TFPark Overview


Analytics-Zoo provides a set APIs for running TensorFlow model on Spark in a distributed fashion.

Remarks:

TFPark API

TFPark is a set of high-level api modeling after tf.keras and tf.estimator to help user to train and evaluate TensorFlow models on Spark and BigDL. Users can define their model using tf.keras API or using model_fn similar to tf.estimator.

TFDataset

TFDatasets represents a distributed collection of elements (backed by a RDD) to be fed into a TensorFlow graph. TFDatasets can be created from numpy.ndarrays, an rdd of numpy.ndarrays as well as ImageSet, TextSet and FeatureSet.
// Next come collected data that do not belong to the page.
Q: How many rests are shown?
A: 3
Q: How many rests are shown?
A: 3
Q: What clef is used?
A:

It acts as an interface connecting RDD data to TensorFlow models.

from zoo import init_nncontext
from zoo.tfpark import TFDataset
from tensorflow as tf

sc = init_nncontext()

# Each record in the train_rdd consists of a list of NumPy ndrrays
train_rdd = sc.parallelize(file_list)
  .map(lambda x: read_image_and_label(x))
  .map(lambda image_label: decode_to_ndarrays(image_label))

# TFDataset represents a distributed set of elements,
# in which each element contains one or more TensorFlow Tensor objects. 
dataset = TFDataset.from_rdd(train_rdd,
                             features=(tf.float32, [28, 28, 1]),
                             labels=(tf.int32, []),
                             batch_size=BATCH_SIZE)
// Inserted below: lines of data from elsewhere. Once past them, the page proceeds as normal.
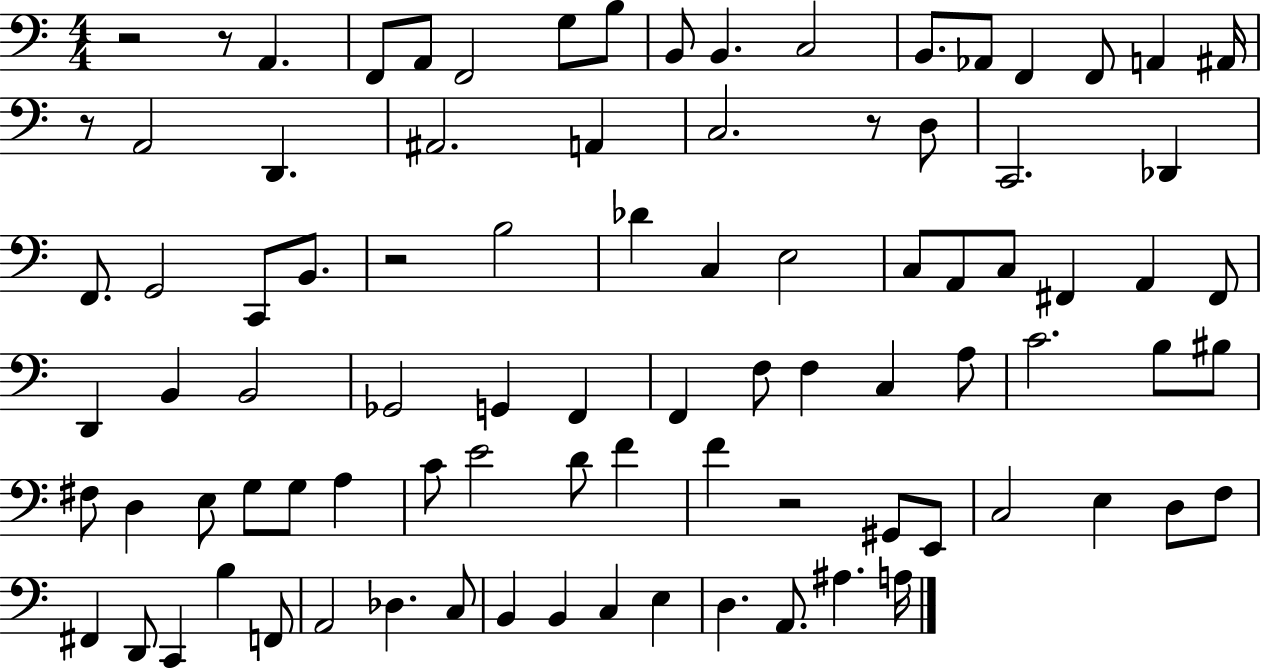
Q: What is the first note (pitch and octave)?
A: A2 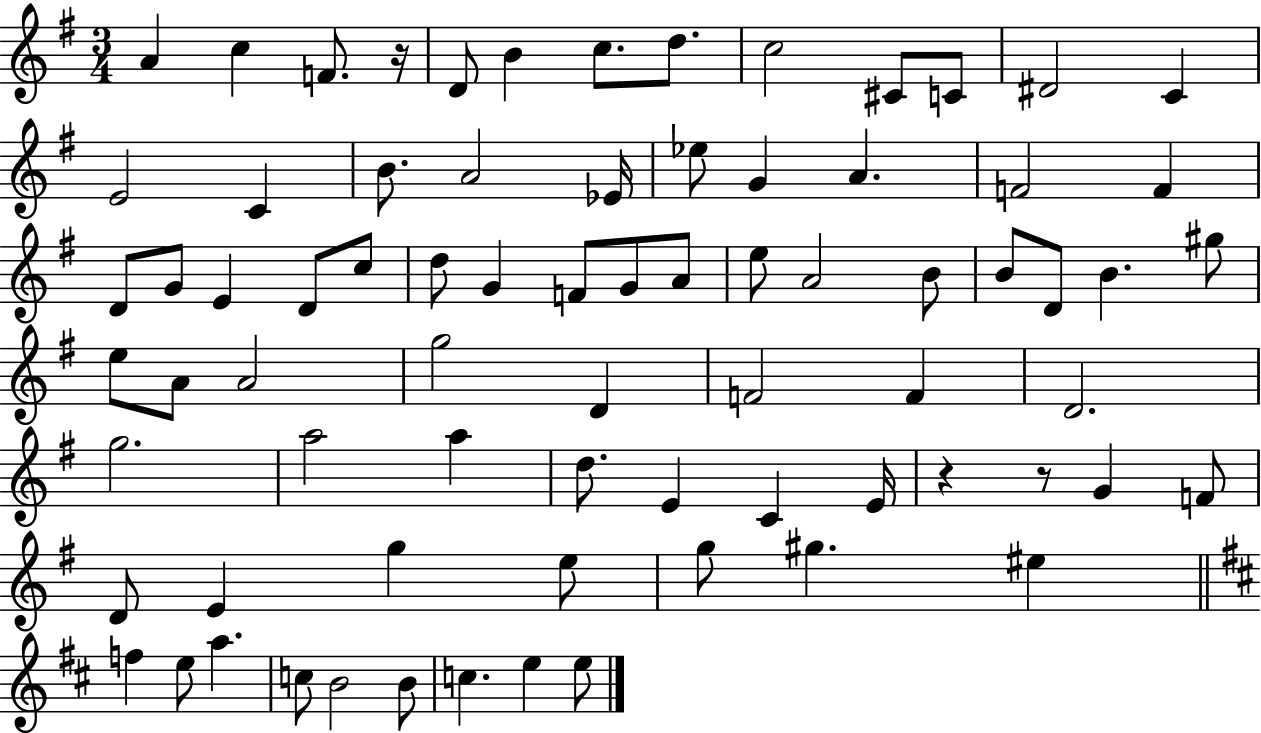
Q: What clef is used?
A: treble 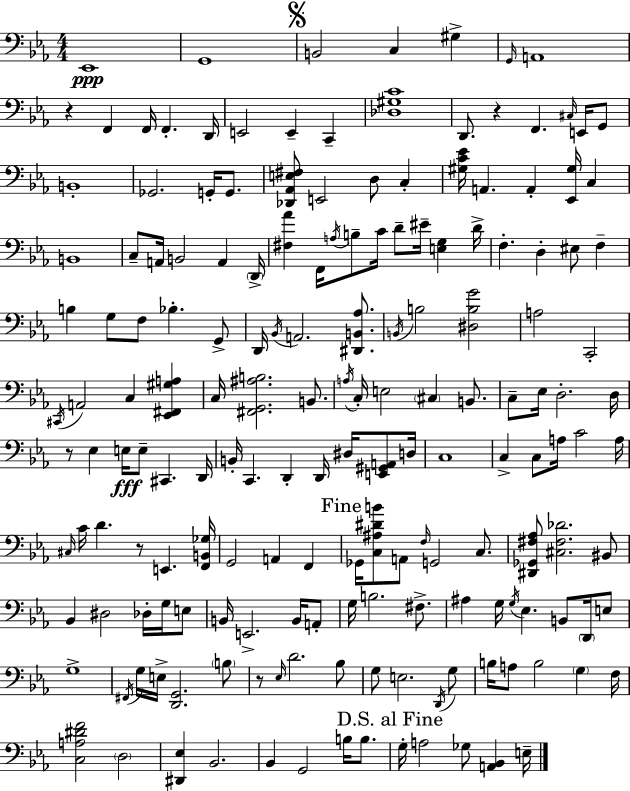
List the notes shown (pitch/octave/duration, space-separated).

Eb2/w G2/w B2/h C3/q G#3/q G2/s A2/w R/q F2/q F2/s F2/q. D2/s E2/h E2/q C2/q [Db3,G#3,C4]/w D2/e. R/q F2/q. C#3/s E2/s G2/e B2/w Gb2/h. G2/s G2/e. [Db2,Ab2,E3,F#3]/e E2/h D3/e C3/q [G#3,C4,Eb4]/s A2/q. A2/q [Eb2,G#3]/s C3/q B2/w C3/e A2/s B2/h A2/q D2/s [F#3,Ab4]/q F2/s A3/s B3/e C4/s D4/e EIS4/s [E3,G3]/q D4/s F3/q. D3/q EIS3/e F3/q B3/q G3/e F3/e Bb3/q. G2/e D2/s Bb2/s A2/h. [D#2,B2,Ab3]/e. B2/s B3/h [D#3,B3,G4]/h A3/h C2/h C#2/s A2/h C3/q [Eb2,F#2,G#3,A3]/q C3/s [F#2,G2,A#3,B3]/h. B2/e. A3/s C3/s E3/h C#3/q B2/e. C3/e Eb3/s D3/h. D3/s R/e Eb3/q E3/s E3/e C#2/q. D2/s B2/s C2/q. D2/q D2/s D#3/s [E2,G#2,A2]/e D3/s C3/w C3/q C3/e A3/s C4/h A3/s C#3/s C4/s D4/q. R/e E2/q. [F2,B2,Gb3]/s G2/h A2/q F2/q Gb2/s [C3,A#3,D#4,B4]/e A2/e F3/s G2/h C3/e. [D#2,Gb2,F#3,Ab3]/e [C#3,F#3,Db4]/h. BIS2/e Bb2/q D#3/h Db3/s G3/s E3/e B2/s E2/h. B2/s A2/e G3/s B3/h. F#3/e. A#3/q G3/s G3/s Eb3/q. B2/e D2/s E3/e G3/w F#2/s G3/s E3/s [D2,G2]/h. B3/e R/e Eb3/s D4/h. Bb3/e G3/e E3/h. D2/s G3/e B3/s A3/e B3/h G3/q F3/s [C3,A3,D#4,F4]/h D3/h [D#2,Eb3]/q Bb2/h. Bb2/q G2/h B3/s B3/e. G3/s A3/h Gb3/e [A2,Bb2]/q E3/s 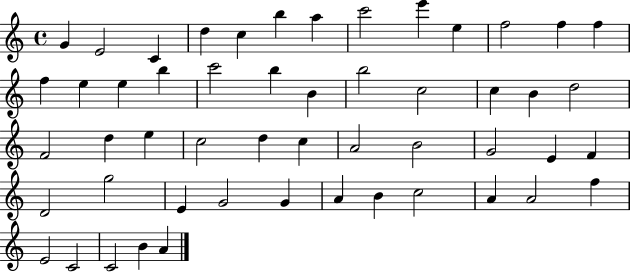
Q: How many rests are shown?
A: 0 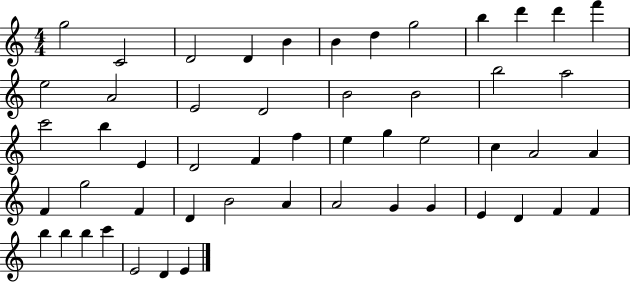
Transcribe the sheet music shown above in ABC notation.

X:1
T:Untitled
M:4/4
L:1/4
K:C
g2 C2 D2 D B B d g2 b d' d' f' e2 A2 E2 D2 B2 B2 b2 a2 c'2 b E D2 F f e g e2 c A2 A F g2 F D B2 A A2 G G E D F F b b b c' E2 D E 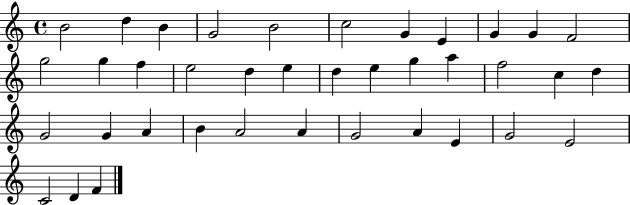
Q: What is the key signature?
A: C major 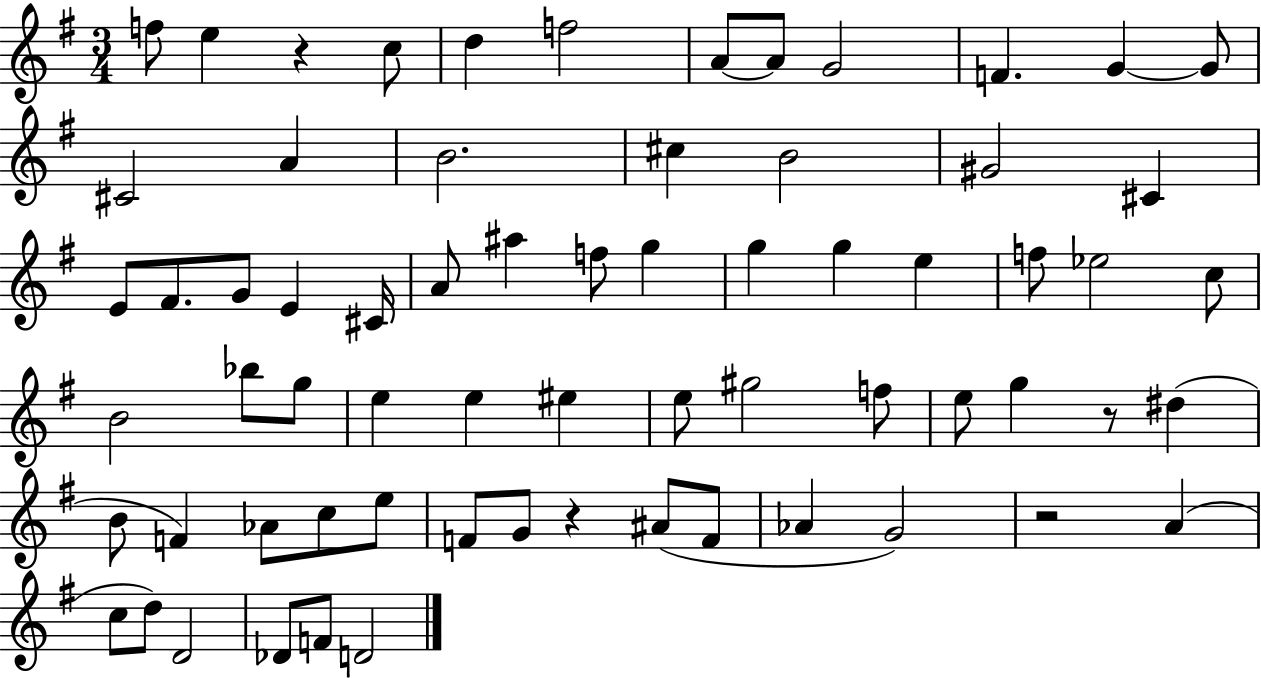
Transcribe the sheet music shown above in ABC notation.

More on TFDataset API API Guide

KerasModel

KerasModel enables user to use tf.keras API to define TensorFlow models and perform training or evaluation on top of Spark and BigDL in a distributed fashion.

  1. Create a KerasModel
from zoo.tfpark import KerasModel, TFDataset
import tensorflow as tf

model = tf.keras.Sequential(
    [tf.keras.layers.Flatten(input_shape=(28, 28, 1)),
     tf.keras.layers.Dense(64, activation='relu'),
     tf.keras.layers.Dense(10, activation='softmax'),
     ]
)

model.compile(optimizer=tf.keras.optimizers.RMSprop(),
              loss='sparse_categorical_crossentropy',
              metrics=['accuracy'])
keras_model = KerasModel(model)

  1. Perform training on TFDataset and save model
keras_model.fit(training_dataset, epochs=max_epoch)
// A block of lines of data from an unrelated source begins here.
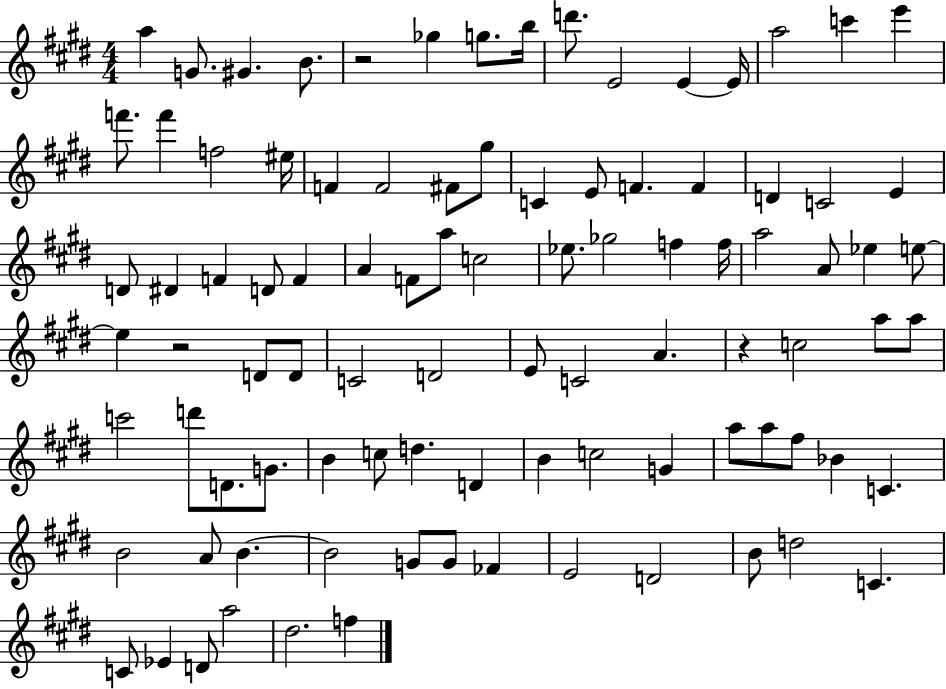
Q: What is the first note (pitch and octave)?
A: A5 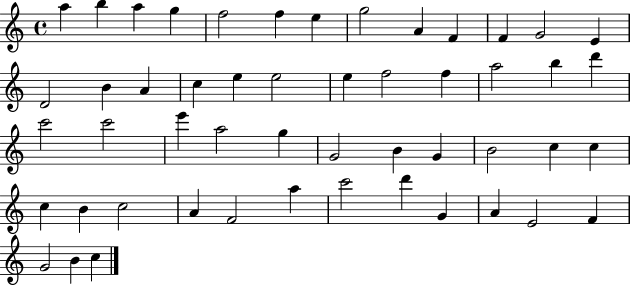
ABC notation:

X:1
T:Untitled
M:4/4
L:1/4
K:C
a b a g f2 f e g2 A F F G2 E D2 B A c e e2 e f2 f a2 b d' c'2 c'2 e' a2 g G2 B G B2 c c c B c2 A F2 a c'2 d' G A E2 F G2 B c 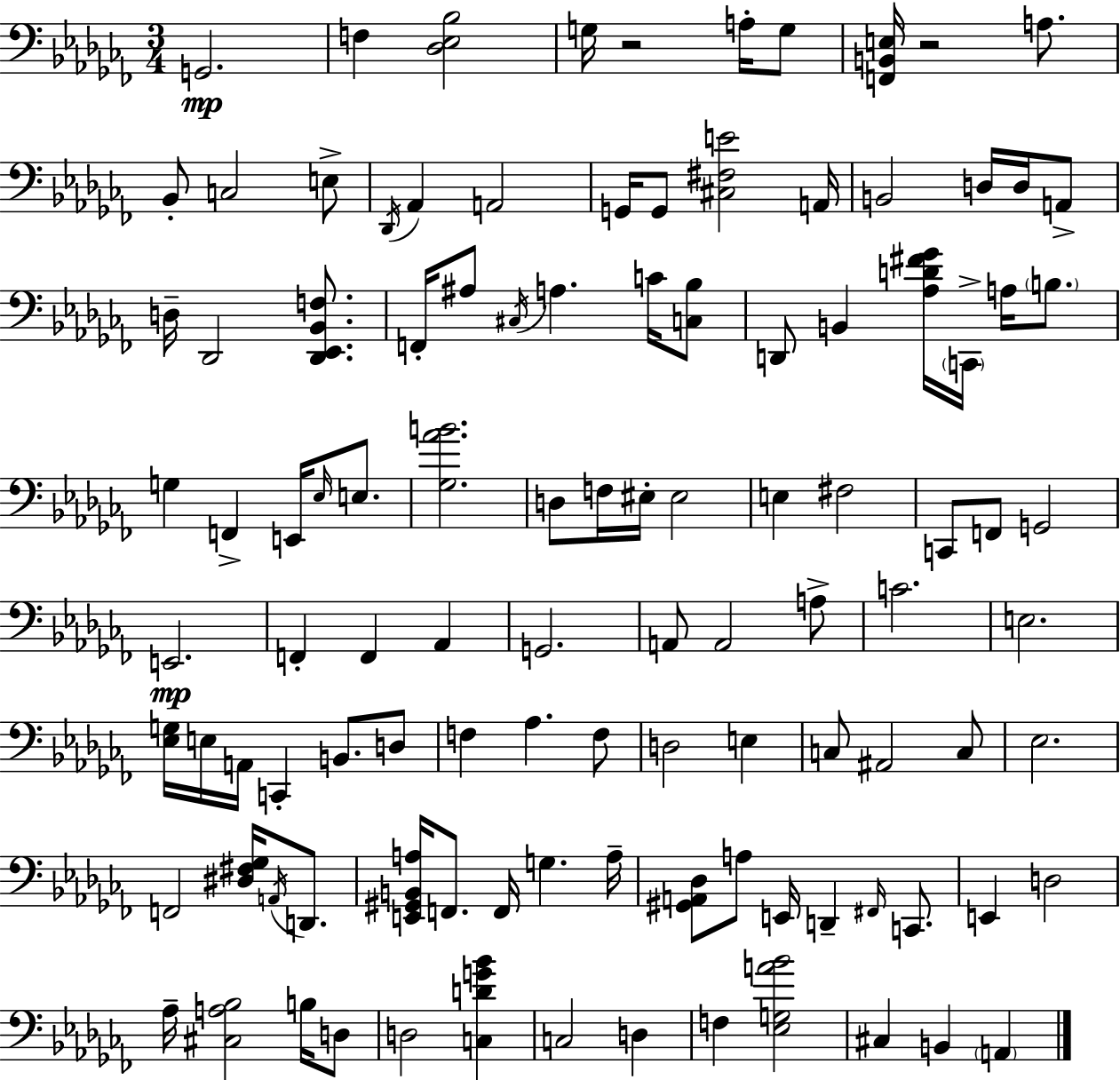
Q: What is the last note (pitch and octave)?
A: A2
model.save_weights("/tmp/model.h5")

  1. Loading saved model and preform evaluation or inference
model.load_weights("/tmp/model.h5")

evaluation_results = model.evaluate(eval_dataset)

predictions = model.predict(pred_dataset)

More on KerasModel API API Guide

TFEstimator

TFEstimator wraps a model defined by model_fn. The model_fn is almost identical to TensorFlow's model_fn except users are required to use ZooOptimizer, which takes a tf.train.Optimzer as input, to derive a train_op.

  1. Define a model_fn and create a TFEstimator. Note that ZooOptimizer must be used.
import tensorflow as tf
from zoo.tfpark import TFEstimator, ZooOptimizer
def model_fn(features, labels, mode):

    hidden = tf.layers.dense(features, 32, activation=tf.nn.relu)

    logits = tf.layers.dense(hidden, 10)

    if mode == tf.estimator.ModeKeys.EVAL or mode == tf.estimator.ModeKeys.TRAIN:
        loss = tf.reduce_mean(
            tf.losses.sparse_softmax_cross_entropy(logits=logits, labels=labels))
        train_op = ZooOptimizer(tf.train.AdamOptimizer()).minimize(loss)
        return tf.estimator.EstimatorSpec(mode, train_op=train_op, predictions=logits, loss=loss)
    else:
        return tf.estimator.EstimatorSpec(mode, predictions=logits)
estimator = TFEstimator.from_model_fn(model_fn, model_dir="/tmp/estimator")

Or use a pre-made Estimator from TensorFlow and create a TFEstimator. Note that ZooOptimizer must be used.

import tensorflow as tf
linear = tf.estimator.LinearClassifier(feature_columns=feature_columns,
                                           optimizer=ZooOptimizer(tf.train.FtrlOptimizer(0.2)))
estimator = TFEstimator(linear)
  1. Define a input_fn.
import tensorflow as tf
sc = init_nncontext()
def input_fn(mode):
    if mode == tf.estimator.ModeKeys.TRAIN:
        training_rdd = get_data_rdd("train", sc)
        dataset = TFDataset.from_rdd(training_rdd,
                                     features=(tf.float32, [28, 28, 1]),
                                     labels=(tf.int32, []),
                                     batch_size=320)
    elif mode == tf.estimator.ModeKeys.EVAL:
        validation_rdd = get_data_rdd("validation", sc)
        dataset = TFDataset.from_rdd(testing_rdd,
                                     features=(tf.float32, [28, 28, 1]),
                                     labels=(tf.int32, []),
                                     batch_size=320)
    else:
        testing_rdd = get_data_rdd("test", sc)
        dataset = TFDataset.from_rdd(testing_rdd,
                                     features=(tf.float32, [28, 28, 1]),
                                     batch_per_thread=80)
    return dataset
  1. Perform training, evaluation or inference
estimator.train(input_fn, steps=10000)
evaluation_result = estimator.evaluate(input_fn, ["acc"])
predictions = estimator.predict(input_fn)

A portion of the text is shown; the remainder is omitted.